*Task requirements*
Repeat exactly the lines below from the line that contains "Zdjęcie niebieskiej tablicy" to the last line, inclusive, without the pictures.

*Records for this task*
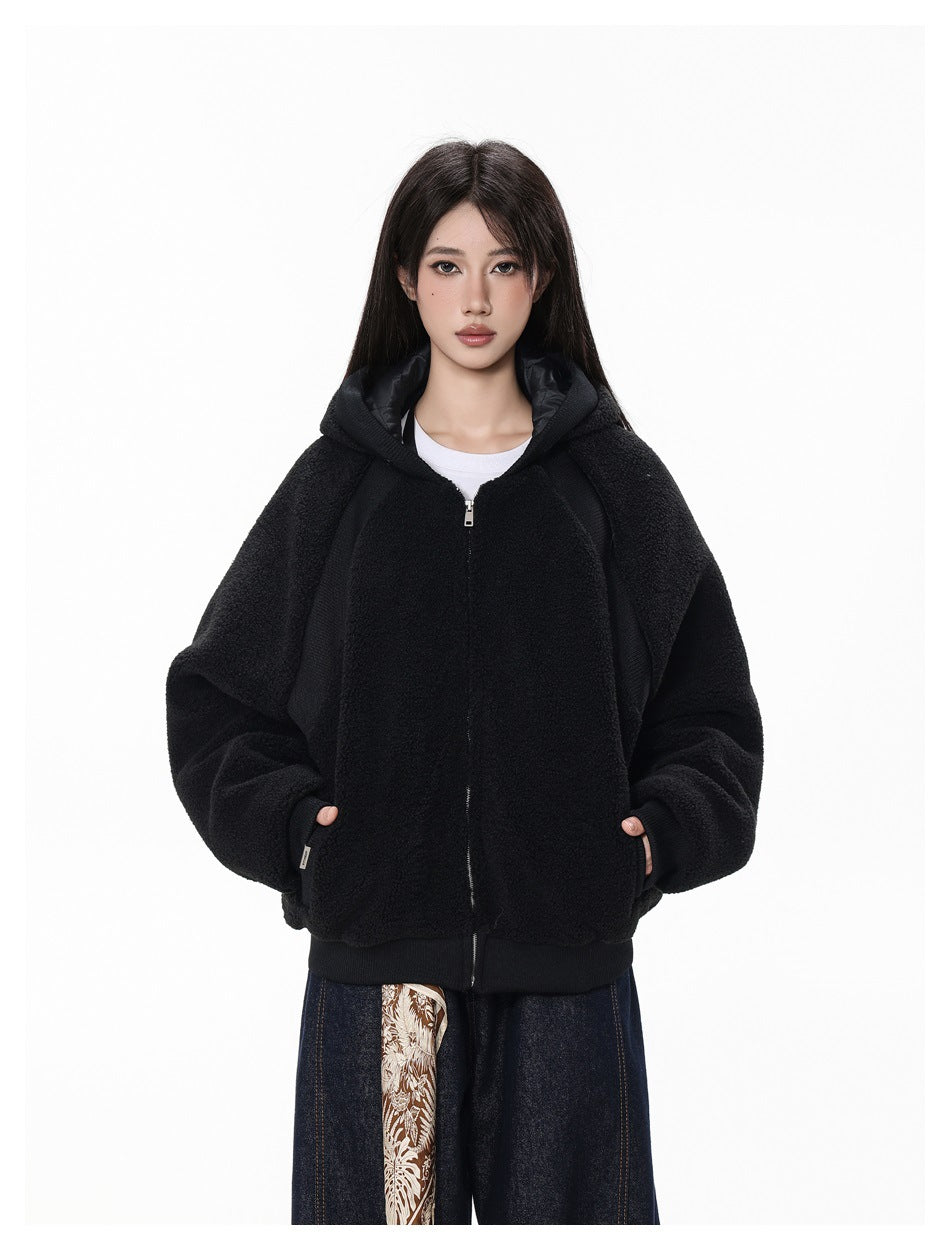 Model wearing a black plush zip-up hoodie with the hood down, raglan sleeves, and ribbed cuffs and hem.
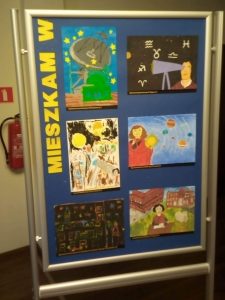 Zdjęcie niebieskiej tablicy na której pionowo umieszczono żółty napis "MIESZKAM W" a obok niego 6 prac plastycznych wyróżnionych w konkursie.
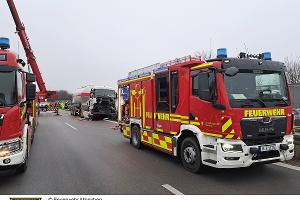 Im Vordergrund stehen Einsatzfahrzeuge der Feuerwehr, im Hintergrund ein verunfallter Lkw.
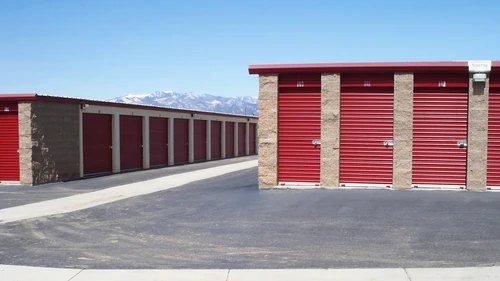 Outdoor drive up access storage units at Alice's Attic Self Storage with mountains in the background.
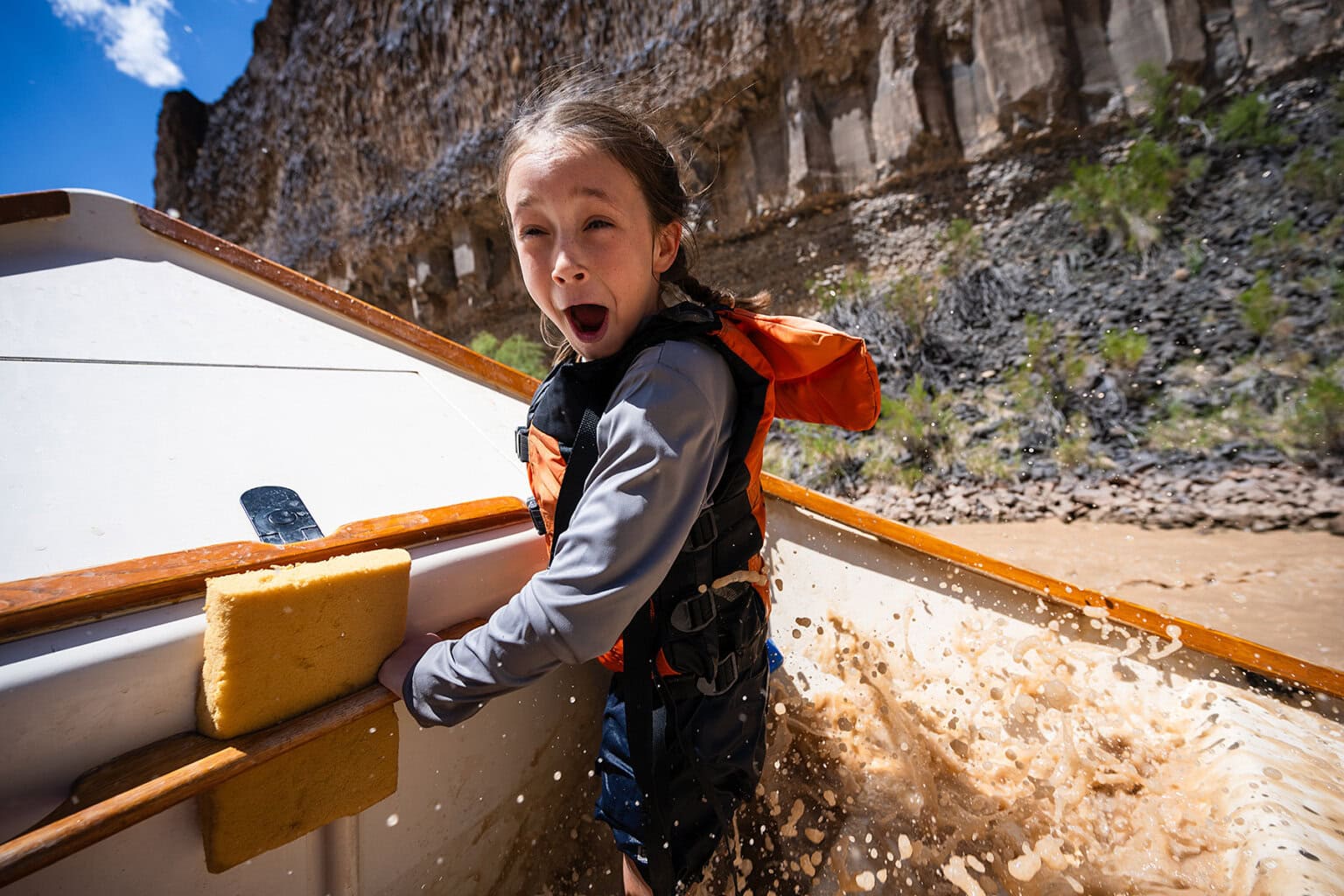 A little girl makes an excited face at the camera riding in a dory through whitewater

*Answer to the problem*
 Zdjęcie niebieskiej tablicy na której pionowo umieszczono żółty napis "MIESZKAM W" a obok niego 6 prac plastycznych wyróżnionych w konkursie.
 Im Vordergrund stehen Einsatzfahrzeuge der Feuerwehr, im Hintergrund ein verunfallter Lkw.
 Outdoor drive up access storage units at Alice's Attic Self Storage with mountains in the background.
 A little girl makes an excited face at the camera riding in a dory through whitewater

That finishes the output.